Winter in West Michigan can be dreadful. Snow falls almost continuously due to “Lake Effect”, and as you can imagine, it’s really flippin’ cold. It was one of those days: grey, bitter cold, and dumping snow. My father and I were driving on a rural road. A rusty pickup truck squealed to the side of the road in front of us, and out jumped a young woman holding a baby in a snowsuit. There were no houses in sight and a storm was coming in. The pickup squealed off, its tires spinning and spitting snow into the air in front of us.

My father and I looked at each other. I was about fourteen.

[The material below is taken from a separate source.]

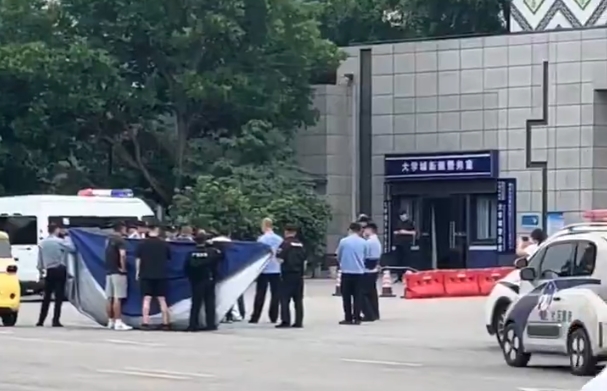 一名柳州城市職業學院學生送醫不治，家屬卻被拒絕查看遺體，到校門口抗議遭維穩。（翻攝自Ｘ）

He turned to me and said, “We’re going to ask that lady if she needs a ride (there were no cell phones at this time, of course), but I want you to ask her so she’s not scared.” I understood.

We pulled up, I asked her, and she replied, “Aww no, honey, thanks. He’ll be back.” She smiled at me, but her face was puffy and streaked with tears. We drove away, but we looped back around to be sure she was fine, and of course she was climbing back into that truck just a few minutes later. My father pulled the car over after the truck was gone and explained to me why he had me ask the lady if she wanted help. He said he would’ve offered help regardless, but she’d be more likely to take it from a man with a female in the car. He also said that I shouldn’t get in a car with a man I didn’t know. I already knew that, of course.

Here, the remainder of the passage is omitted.